Exercise objective
Please repeat every record exactly, leaving out any pictures.
◇ ◇ ◇ ◇
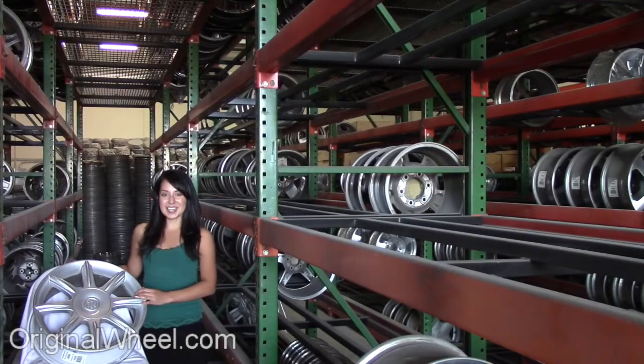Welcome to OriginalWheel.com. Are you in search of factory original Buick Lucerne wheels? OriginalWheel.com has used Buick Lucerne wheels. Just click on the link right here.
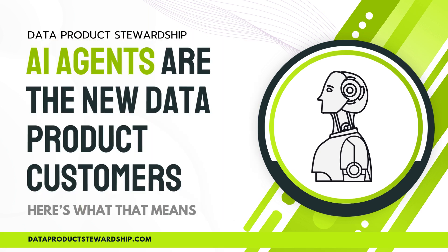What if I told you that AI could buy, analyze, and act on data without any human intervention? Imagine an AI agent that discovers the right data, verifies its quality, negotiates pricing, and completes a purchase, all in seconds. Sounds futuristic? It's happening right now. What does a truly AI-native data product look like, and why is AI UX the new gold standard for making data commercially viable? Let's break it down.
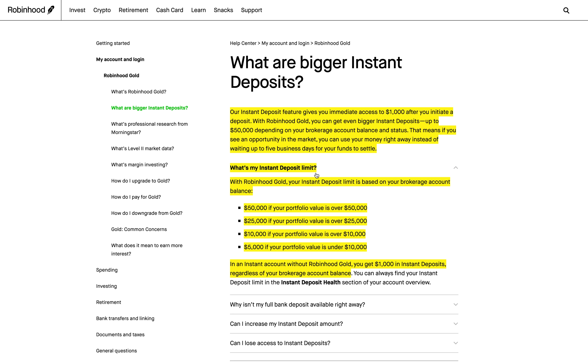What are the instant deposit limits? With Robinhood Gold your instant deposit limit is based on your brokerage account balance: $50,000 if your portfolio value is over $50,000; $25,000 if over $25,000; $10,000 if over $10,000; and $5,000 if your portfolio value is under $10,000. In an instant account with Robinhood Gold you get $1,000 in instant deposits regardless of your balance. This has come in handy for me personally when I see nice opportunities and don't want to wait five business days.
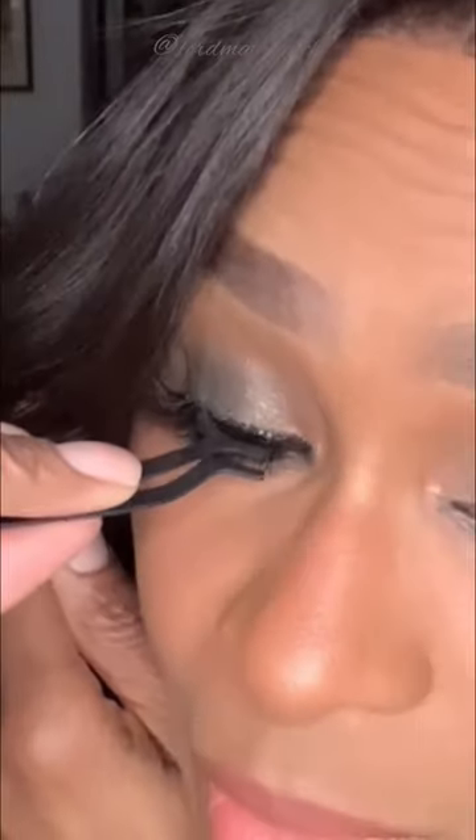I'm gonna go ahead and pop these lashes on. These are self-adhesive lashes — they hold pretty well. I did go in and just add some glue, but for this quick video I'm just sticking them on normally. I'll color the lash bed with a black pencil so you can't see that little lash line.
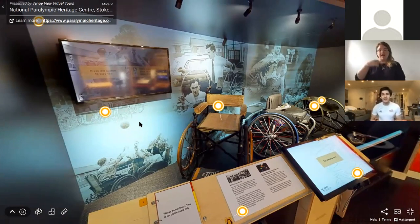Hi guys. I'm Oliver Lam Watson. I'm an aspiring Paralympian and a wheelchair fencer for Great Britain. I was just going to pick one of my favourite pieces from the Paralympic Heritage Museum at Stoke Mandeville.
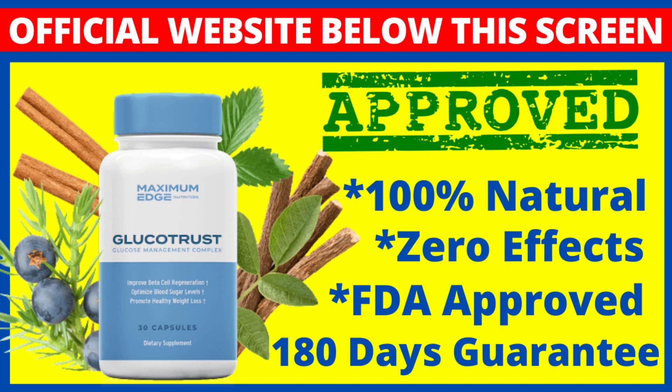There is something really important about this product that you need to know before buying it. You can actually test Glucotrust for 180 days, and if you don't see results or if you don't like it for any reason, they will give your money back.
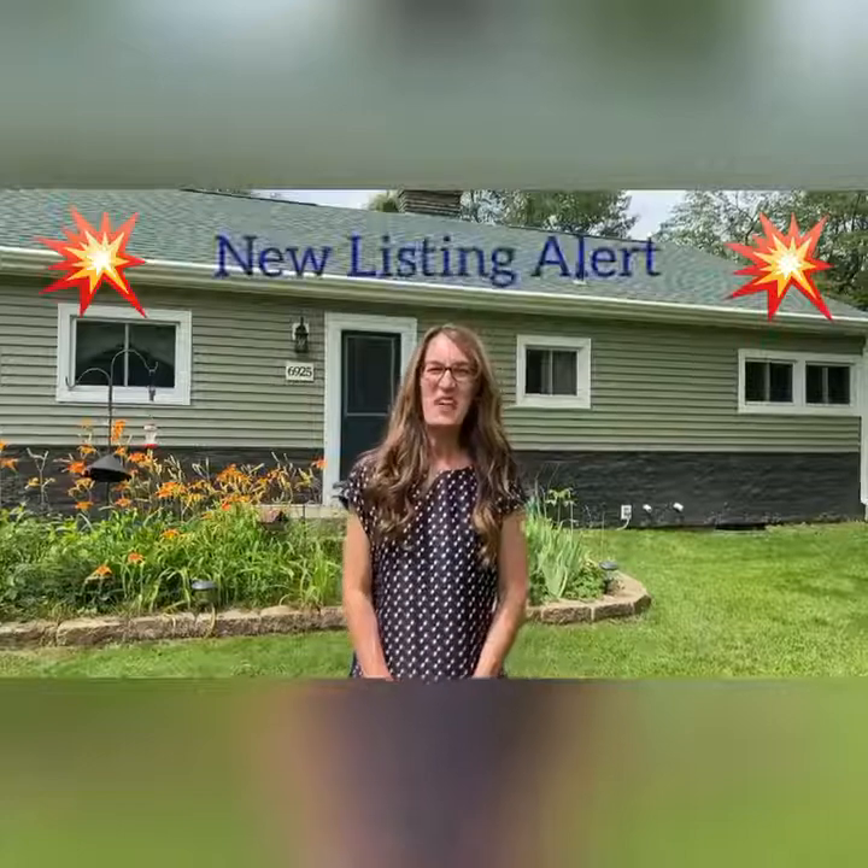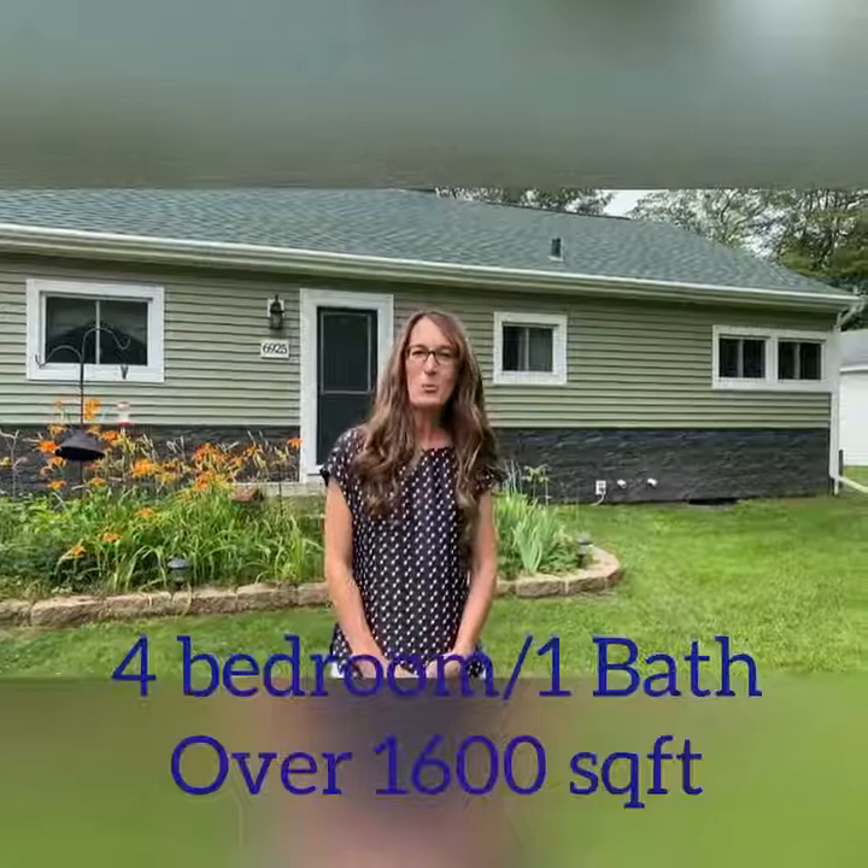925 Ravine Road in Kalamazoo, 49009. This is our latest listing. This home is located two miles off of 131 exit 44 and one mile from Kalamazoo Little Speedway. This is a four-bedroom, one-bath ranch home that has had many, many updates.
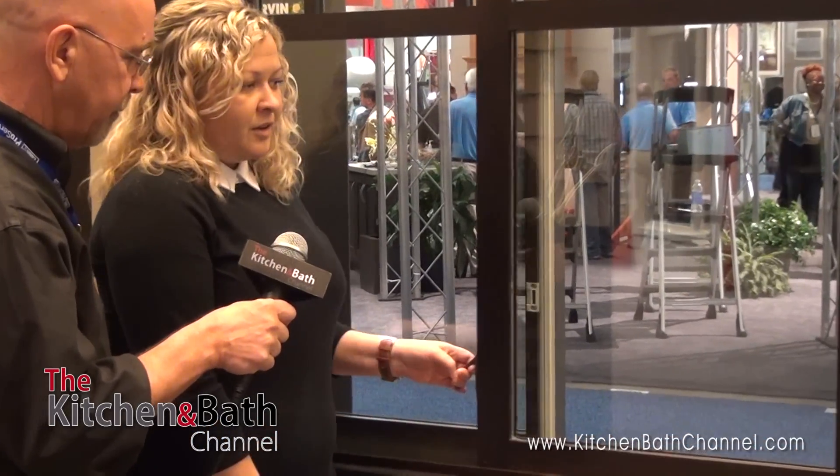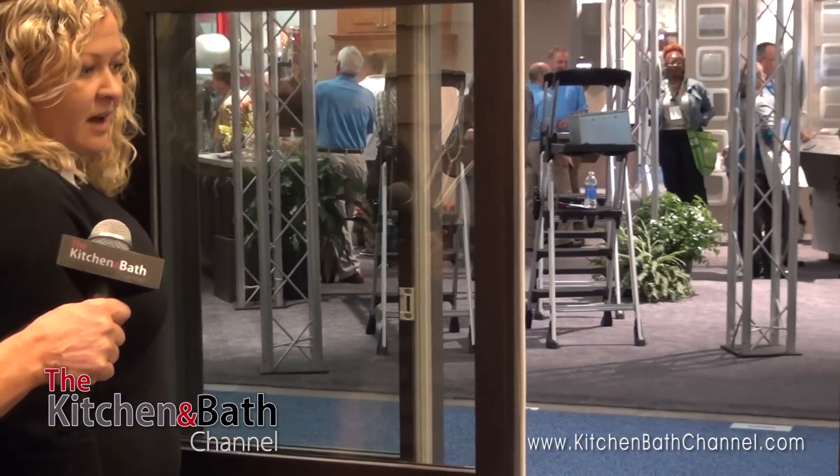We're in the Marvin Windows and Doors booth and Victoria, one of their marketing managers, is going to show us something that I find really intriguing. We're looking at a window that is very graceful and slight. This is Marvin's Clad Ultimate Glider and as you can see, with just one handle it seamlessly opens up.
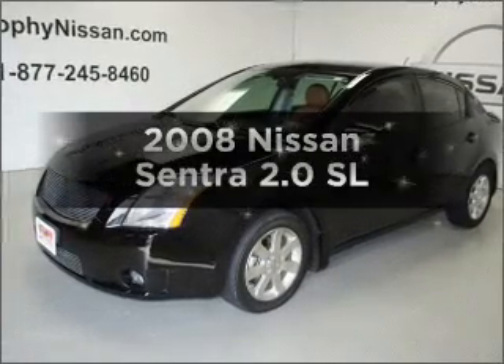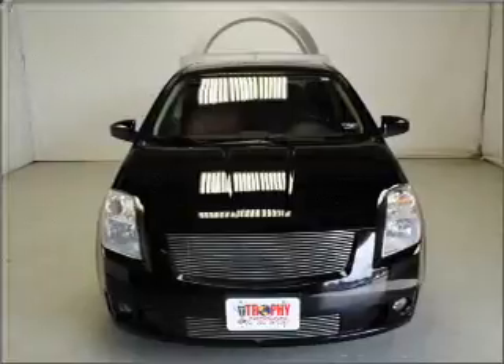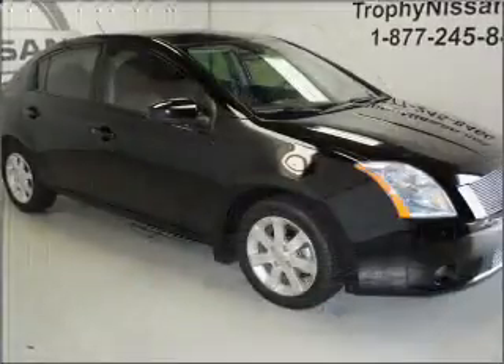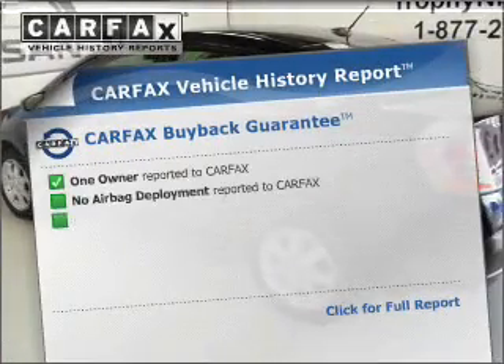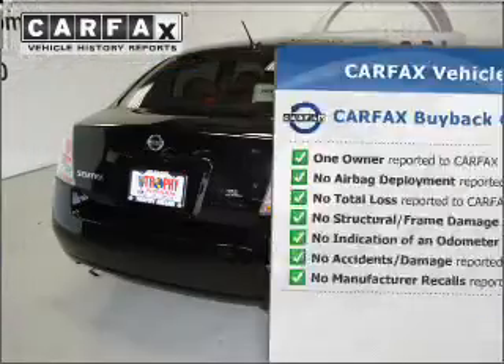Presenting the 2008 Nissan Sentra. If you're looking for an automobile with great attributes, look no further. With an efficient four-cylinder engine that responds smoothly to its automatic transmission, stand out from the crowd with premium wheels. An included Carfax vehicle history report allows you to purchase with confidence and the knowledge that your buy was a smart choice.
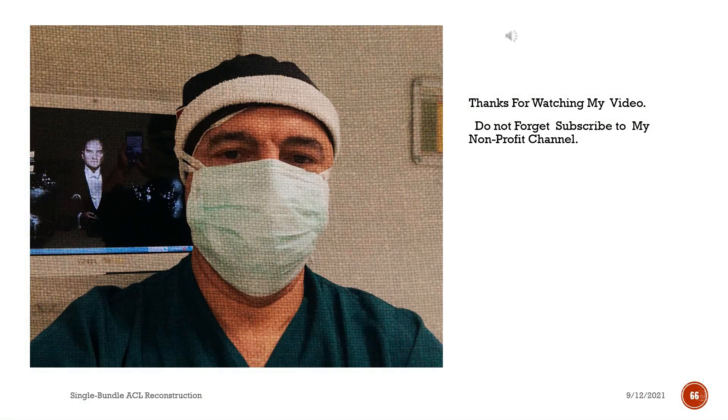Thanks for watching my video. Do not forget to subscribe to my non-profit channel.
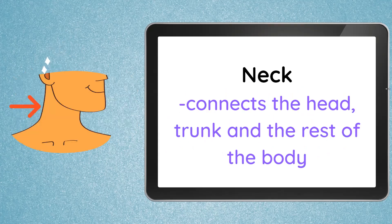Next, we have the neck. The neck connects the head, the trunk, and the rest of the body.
◇ ◇ ◇ ◇
Response to this task
Welcome to OriginalWheel.com. Are you in search of factory original Buick Lucerne wheels? OriginalWheel.com has used Buick Lucerne wheels. Just click on the link right here.
What if I told you that AI could buy, analyze, and act on data without any human intervention? Imagine an AI agent that discovers the right data, verifies its quality, negotiates pricing, and completes a purchase, all in seconds. Sounds futuristic? It's happening right now. What does a truly AI-native data product look like, and why is AI UX the new gold standard for making data commercially viable? Let's break it down.
What are the instant deposit limits? With Robinhood Gold your instant deposit limit is based on your brokerage account balance: $50,000 if your portfolio value is over $50,000; $25,000 if over $25,000; $10,000 if over $10,000; and $5,000 if your portfolio value is under $10,000. In an instant account with Robinhood Gold you get $1,000 in instant deposits regardless of your balance. This has come in handy for me personally when I see nice opportunities and don't want to wait five business days.
I'm gonna go ahead and pop these lashes on. These are self-adhesive lashes — they hold pretty well. I did go in and just add some glue, but for this quick video I'm just sticking them on normally. I'll color the lash bed with a black pencil so you can't see that little lash line.
Hi guys. I'm Oliver Lam Watson. I'm an aspiring Paralympian and a wheelchair fencer for Great Britain. I was just going to pick one of my favourite pieces from the Paralympic Heritage Museum at Stoke Mandeville.
There is something really important about this product that you need to know before buying it. You can actually test Glucotrust for 180 days, and if you don't see results or if you don't like it for any reason, they will give your money back.
925 Ravine Road in Kalamazoo, 49009. This is our latest listing. This home is located two miles off of 131 exit 44 and one mile from Kalamazoo Little Speedway. This is a four-bedroom, one-bath ranch home that has had many, many updates.
We're in the Marvin Windows and Doors booth and Victoria, one of their marketing managers, is going to show us something that I find really intriguing. We're looking at a window that is very graceful and slight. This is Marvin's Clad Ultimate Glider and as you can see, with just one handle it seamlessly opens up.
Presenting the 2008 Nissan Sentra. If you're looking for an automobile with great attributes, look no further. With an efficient four-cylinder engine that responds smoothly to its automatic transmission, stand out from the crowd with premium wheels. An included Carfax vehicle history report allows you to purchase with confidence and the knowledge that your buy was a smart choice.
Thanks for watching my video. Do not forget to subscribe to my non-profit channel.
Next, we have the neck. The neck connects the head, the trunk, and the rest of the body.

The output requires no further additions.